Join Chevon Talk on groupsyahoo.com do your homework, it's not what you think it is...a trademarked cross? There are millions of them in texas alone  Vicki


----------



## NWMO (Jul 26, 2005)

In Hobby Farms magazine this month. There are some breeders listed there and a couple of listings of "registered" farms/producers.

I think it is probably available online at Hobbyfarms.com

Might check it out for some leads.


----------



## Jim S. (Apr 22, 2004)

Vicki McGaugh TX Nubians said:


> Join Chevon Talk on groupsyahoo.com do your homework, it's not what you think it is...a trademarked cross? There are millions of them in texas alone  Vicki


Yep, they've gone the way of cattle's Beefmasters and that brand out of King Ranch the name of which eludes me now...crossed cows that in my state are called "commercial."

I'll sell my "Steelemaster" does to all comers. Guaranteed to be farmable, and bred to a registered boer buck!


----------



## oceanmist (Mar 21, 2006)

Christiaan said:


> Anyone know of any sources of Texmaster or Tennessee Meat Goats in Washington or Oregon?
> Thanks!


not that I know of and I have been a member of chevontalk for 2 years now.

what part of Oregon/ Washington are you located in?

Misty

PS check your PM


----------



## Jim S. (Apr 22, 2004)

Google is so cool...

These folks say they will soon be into TN Meat Goats...might be, by now...
http://www.cybergoat.com/ScenicFarm/

Here's the farm that trademarked TN Meat Goats, which are just myotonic goats...
http://www.cybergoat.com/links/meat_goat.shtml


----------



## HazyDay (Feb 20, 2007)

NWMO said:


> In Hobby Farms magazine this month. There are some breeders listed there and a couple of listings of "registered" farms/producers.
> 
> I think it is probably available online at Hobbyfarms.com
> 
> Might check it out for some leads.


what one is that? The one with Pumpkins? I haven't got the Nov/Dec one yet :Bawling: It's time again for hobby farms to do a dairy goat issue!


----------



## hoofinitnorth (Oct 18, 2006)

Onion Creek's website, I think it was, talks about how the myotonic factor in the goats makes the meat more tender - true or just a marketing ploy??? The only reason I'd consider raising a myotonic goat for breeding is for MEAT.


----------



## oceanmist (Mar 21, 2006)

Jim S. said:


> Google is so cool...
> 
> These folks say they will soon be into TN Meat Goats...might be, by now...
> http://www.cybergoat.com/ScenicFarm/
> ...



Jim, where on the scenicfarm link, which takes you to Rogue Valley meat goats owned by Linda and Ray Shipley, did you find that they are getting into TexMasters or TMG's?

Also your link to "the farm that trademarked TMG's" takes you to a whole big list of Boer goat farms... I see Onion Creek Ranch on the list, but it is not a direct link to where TMG's were trademarked.

Misty


----------



## Vicki McGaugh TX Nubians (May 6, 2002)

Susanne Gaspforbreath was/is?? TMG, call them fainting goats on there  comeon I dare you  She was chevontalk...maybe not anymore?

How a contracting muscle makes something more tender is beyond me, a major muscle meat is always less expensive than a minor one...loin vs shoulder

You have to give it to them for marketing though!
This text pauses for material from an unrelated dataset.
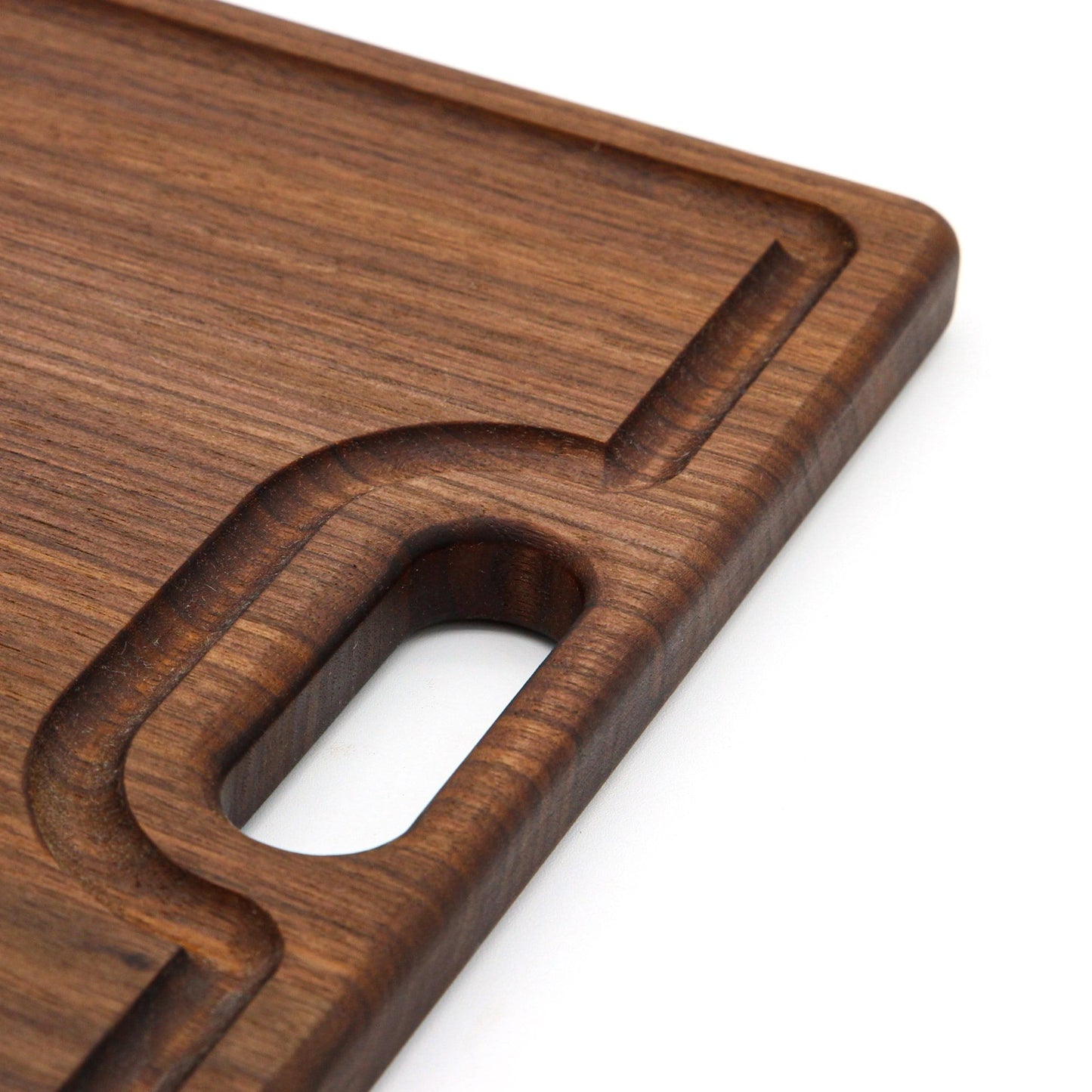 Wooden cutting board with a handle on a white background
Vicki


----------



## chris30523 (Jun 11, 2005)

I have an American fullblood Boer that "faints" when you trim her hooves. It could be a selling point. I can get them all done while she is out and she doesn't even know it.


----------



## susanne (Nov 4, 2004)

she still is there. gaspforbreath? i would want to change that as this site makes me nausea.


----------



## hoofinitnorth (Oct 18, 2006)

LOL Vicki - yep that's Suzanne's list (Gaspforbreath, lol, I know you mean that in the nicest possible way!). Myotonic is the PC name.


----------



## oceanmist (Mar 21, 2006)

susanne said:


> she still is there. gaspforbreath? i would want to change that as this site makes me nausea.



what other than the idea of using formalin do you find so repulsive Susanne?

There is a wealth of information there... I know you disagree and find the formalin thing disgusting, but why would you get nauseated by the rest?

I am not asking in a confrontational manner, I am truly curious.

Misty


----------



## oceanmist (Mar 21, 2006)

Vicki McGaugh TX Nubians said:


> Susanne Gaspforbreath was/is?? TMG, call them fainting goats on there  comeon I dare you  She was chevontalk...maybe not anymore?
> 
> How a contracting muscle makes something more tender is beyond me, a major muscle meat is always less expensive than a minor one...loin vs shoulder
> 
> You have to give it to them for marketing though! Vicki



Very funny Vicki  ... I get the impression that you have a long standing bone to pick with Ms. Gasparotto... not sure why, but your attitude seems to be very much against anything related to Onion Creek Ranch and her goats...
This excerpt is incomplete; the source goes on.